There has been a good deal of talk in the markets in the last week about the possibility of a "tapering" in the Fed's QE program. The result of all of this chatter was an unusually volatile week which ended with investors seemingly no more sure of what to expect from the Fed than they were at the start of the week. Given this volatility, the wise thing for investors to do is to look for stocks, bonds or ETFs which are doing well under current conditions, but would also do even better if the Fed begins tapering off QE and shows signs of letting rates rise.

With that in mind, I went looking for investments that would benefit specifically from an increase in rates, but which are doing reasonably well now also. Specifically, those assets that would do best if QE begins to taper off are the ones that have assets which earn a floating interest rate. These floating rate notes come in a variety of packages, but all of them pay an interest rate which is tied to a benchmark rate that rises and falls based on the Fed and short term rates.

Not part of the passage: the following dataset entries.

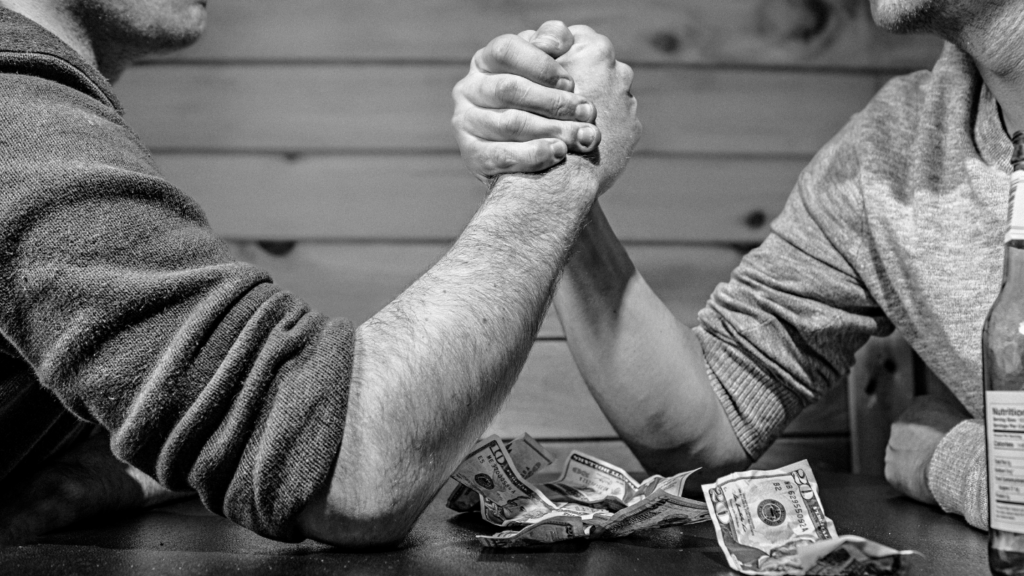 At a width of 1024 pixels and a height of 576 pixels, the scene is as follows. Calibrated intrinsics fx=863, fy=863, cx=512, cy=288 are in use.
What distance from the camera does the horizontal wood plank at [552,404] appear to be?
171cm

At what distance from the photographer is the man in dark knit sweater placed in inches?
27.4

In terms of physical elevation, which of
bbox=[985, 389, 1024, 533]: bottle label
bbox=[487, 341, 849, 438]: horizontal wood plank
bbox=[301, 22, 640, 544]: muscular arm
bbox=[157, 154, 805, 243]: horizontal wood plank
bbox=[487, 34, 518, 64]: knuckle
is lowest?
bbox=[487, 341, 849, 438]: horizontal wood plank

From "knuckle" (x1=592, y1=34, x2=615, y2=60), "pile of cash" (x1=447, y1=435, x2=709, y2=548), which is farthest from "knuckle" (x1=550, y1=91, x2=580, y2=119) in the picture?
"pile of cash" (x1=447, y1=435, x2=709, y2=548)

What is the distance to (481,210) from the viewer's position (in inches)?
36.3

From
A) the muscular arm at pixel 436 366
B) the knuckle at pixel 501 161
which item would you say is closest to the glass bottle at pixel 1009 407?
the muscular arm at pixel 436 366

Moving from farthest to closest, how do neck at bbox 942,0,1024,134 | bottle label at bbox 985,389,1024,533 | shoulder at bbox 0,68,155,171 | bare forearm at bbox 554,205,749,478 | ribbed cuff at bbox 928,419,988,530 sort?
bare forearm at bbox 554,205,749,478 → neck at bbox 942,0,1024,134 → ribbed cuff at bbox 928,419,988,530 → shoulder at bbox 0,68,155,171 → bottle label at bbox 985,389,1024,533

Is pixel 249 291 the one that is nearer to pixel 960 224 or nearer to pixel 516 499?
pixel 516 499

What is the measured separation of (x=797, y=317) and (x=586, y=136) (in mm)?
458

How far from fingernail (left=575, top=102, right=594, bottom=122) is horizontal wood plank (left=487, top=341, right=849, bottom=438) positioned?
768 millimetres

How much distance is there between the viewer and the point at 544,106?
100 centimetres

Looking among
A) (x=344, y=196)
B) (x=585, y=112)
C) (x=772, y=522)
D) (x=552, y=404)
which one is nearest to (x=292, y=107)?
(x=344, y=196)

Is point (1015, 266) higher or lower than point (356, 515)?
higher

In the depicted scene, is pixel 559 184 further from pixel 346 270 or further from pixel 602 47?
pixel 346 270

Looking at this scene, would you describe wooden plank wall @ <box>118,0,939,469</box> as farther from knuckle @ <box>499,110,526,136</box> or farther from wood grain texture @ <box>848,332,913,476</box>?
knuckle @ <box>499,110,526,136</box> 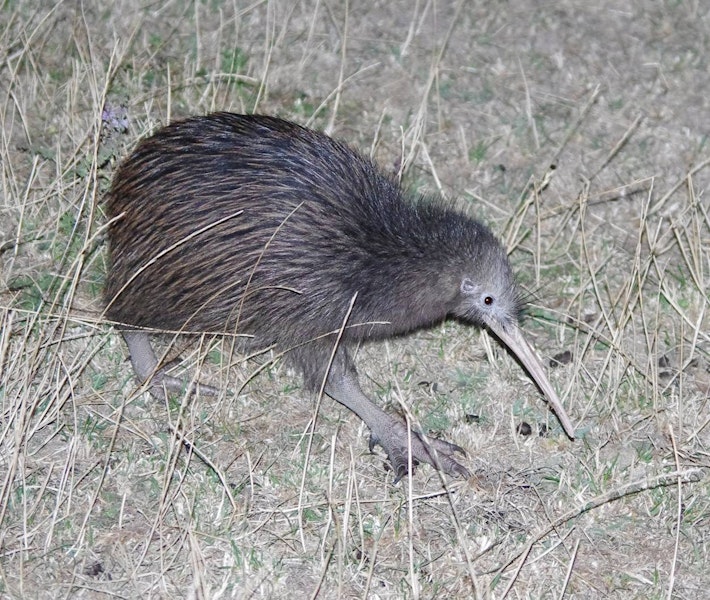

One good investment to profit from QE tapering will be floating rate closed end funds like the Eaton Vance Senior Floating Rate Trust (NYSE:EFR) and the Eaton Vance Income Floating Rate Trust (NYSE:EFT). Both of these CEFs own debt that is floating rate and rises whenever interest rates go up. Each has a 10-year history which is long enough that we can go back and look at what happened to their dividend payments as interest rates rose in the mid-2000s. In the case of EFR, it was paying a MONTHLY dividend of $0.09 a share in December 2003. By the end of 2006, when the Fed funds rate peaked, EFR was paying out $0.14 monthly per share as this dividend history shows. This was accompanied by a stable equity price that was roughly 10-20% above EFR's current price. Given today's low rates, it should be no surprise that EFR is back to paying about $0.09 per share, but if the fund's history is any guide this should increase with any tapering of QE. An almost identical pattern holds with the closely related EFT. Today, EFR pays 5.9% or so, while EFT pays around 5.5%

For those looking for ETFs instead of CEFs, the Highland/IBoxx Senior Loan ETF (NYSEARCA:SNLN) and the Powershares Senior Loan Portfolio (NYSEARCA:BKLN) may be appealing. A recent USA Today article discusses BKLN and the newly launched First Trust Senior (NASDAQ:FTSL) as options for investors. Both BKLN and SNLN invest primarily in floating rate debt and has the potential to appreciate significantly in price and yield if interest rates start to rise. SNLN currently offers a yield of about 5.3%, while BKLN has a yield around 4.7% with the possibility of another 3-5% from selling call options on the issue (see my article on this here).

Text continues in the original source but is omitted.